After a rough start, Stewart was able to fight from the back of the pack to take the 2009 AMA Supercross championship.
James Stewart is the biggest name in Supercross and motocross racing, but the guy didn’t even take the outdoor stage this year. After claiming a hard-fought championship in the see-saw SX war last season, Stewart enjoyed the fruits of his Supercross-only deal with San Manuel L&M Yamaha team. During the off-season he kept himself busy, but ran into problems with his health as he globe-trotted the international SX scene. Now we’re only two days away from the AMA season opener at Angel Stadium in Anaheim, CA and Stewart has some serious work ahead of him. Motorcycle USA correspondent, Shan Moore, caught up with the returning champ to find out about his summer, the new bike and his feelings for nemesis Chad Reed and the 2010 SX series.
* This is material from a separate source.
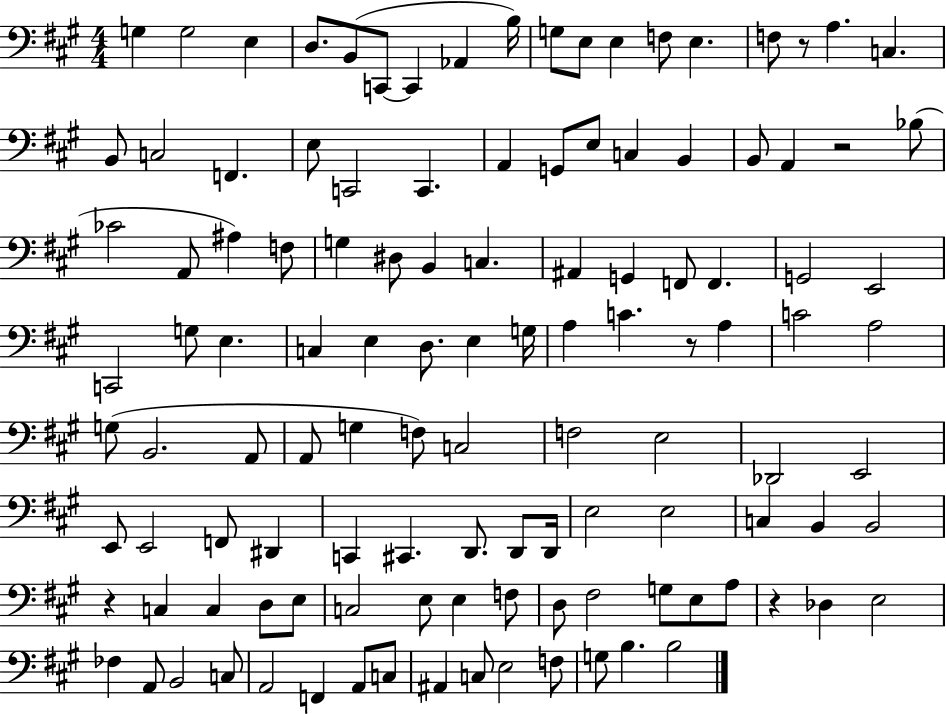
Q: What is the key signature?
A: A major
How is your health? You got sick at Bercy and then you dropped out of a couple of other races this fall.
Basically, over the off-season I was pretty busy doing a lot of stuff. I raced the US Open and I actually went to California five times in one month – just going out for one day and then flying back home. So it’s been hectic, and when I went to Bercy for some reason the time difference affected me a lot more this year. Last year I adapted really well, but this year was different. I got over there on Wednesday evening and I ended up only sleeping about seven hours the whole five days I was over there. Everything went fine on the first two days but on Sunday I ate some food and didn’t feel real good during the qualifiers and then right before the final I started throwing up. So I came back home and did some blood tests and found out that there were a lot of things that were low, so basically after Bercy I’ve been kind of low-key and not really riding a lot. I’m just going to try to rest up for the season.
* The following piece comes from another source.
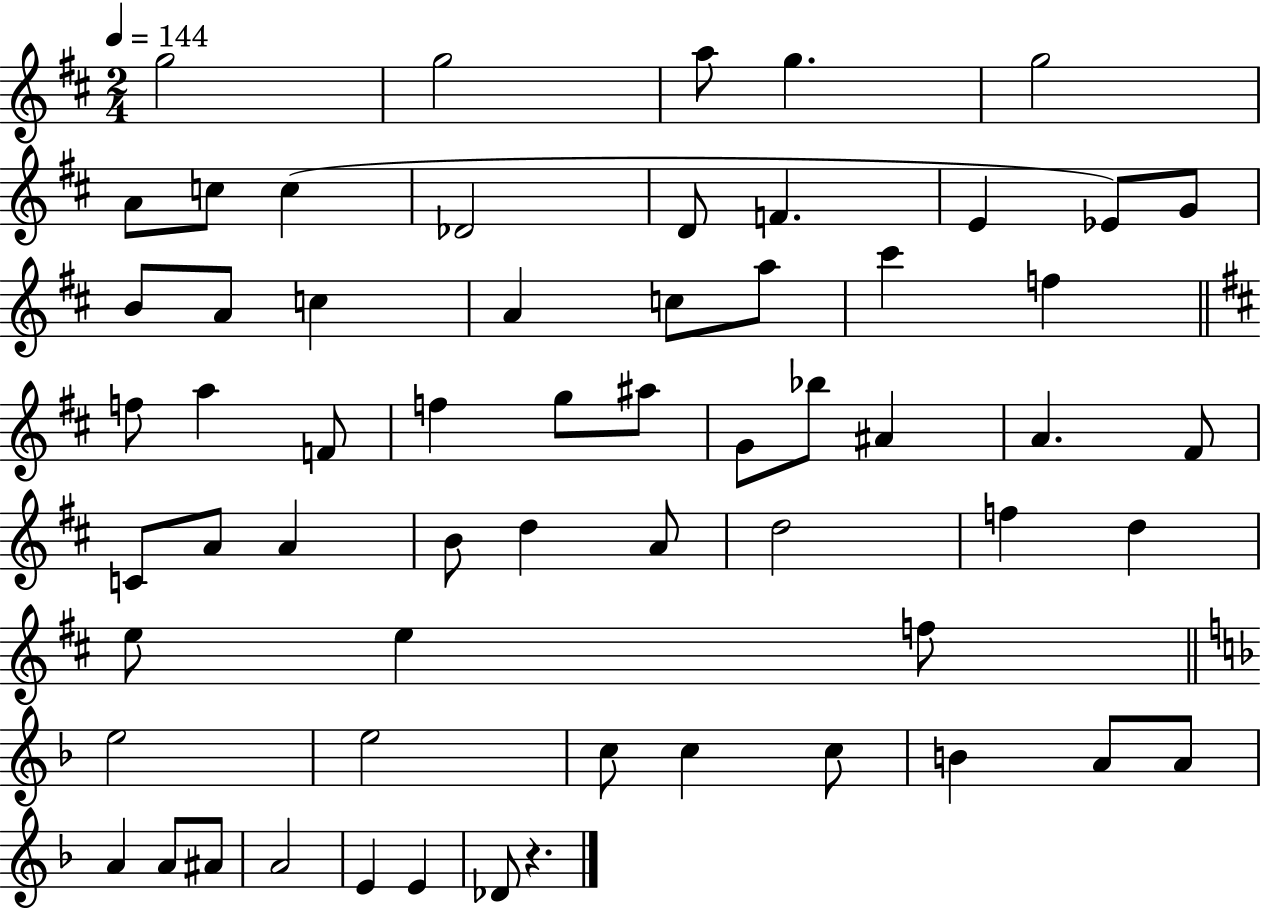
G5/h G5/h A5/e G5/q. G5/h A4/e C5/e C5/q Db4/h D4/e F4/q. E4/q Eb4/e G4/e B4/e A4/e C5/q A4/q C5/e A5/e C#6/q F5/q F5/e A5/q F4/e F5/q G5/e A#5/e G4/e Bb5/e A#4/q A4/q. F#4/e C4/e A4/e A4/q B4/e D5/q A4/e D5/h F5/q D5/q E5/e E5/q F5/e E5/h E5/h C5/e C5/q C5/e B4/q A4/e A4/e A4/q A4/e A#4/e A4/h E4/q E4/q Db4/e R/q.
Let’s talk about the new bike. You’re entering the year with a new bike, you’ve got two races on it, the U.S. Open and Bercy. Was it difficult transitioning to the all-new model?
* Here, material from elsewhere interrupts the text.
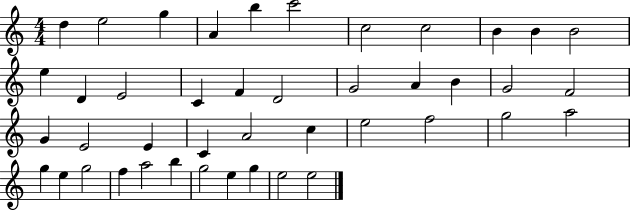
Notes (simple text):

D5/q E5/h G5/q A4/q B5/q C6/h C5/h C5/h B4/q B4/q B4/h E5/q D4/q E4/h C4/q F4/q D4/h G4/h A4/q B4/q G4/h F4/h G4/q E4/h E4/q C4/q A4/h C5/q E5/h F5/h G5/h A5/h G5/q E5/q G5/h F5/q A5/h B5/q G5/h E5/q G5/q E5/h E5/h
No, not really. Basically, last year I switched from Kawasaki to Yamaha, and then this year is like switching to a completely new bike, so I’m getting used to adapting. One thing I did notice about riding the Yamaha, switching from Kawasaki, I think it was a better change than I expected. The team is working really good and we haven’t been able to do a lot of testing but I think this bike is good enough to go win races, by far.
You now have fuel-injection, has that been a big factor?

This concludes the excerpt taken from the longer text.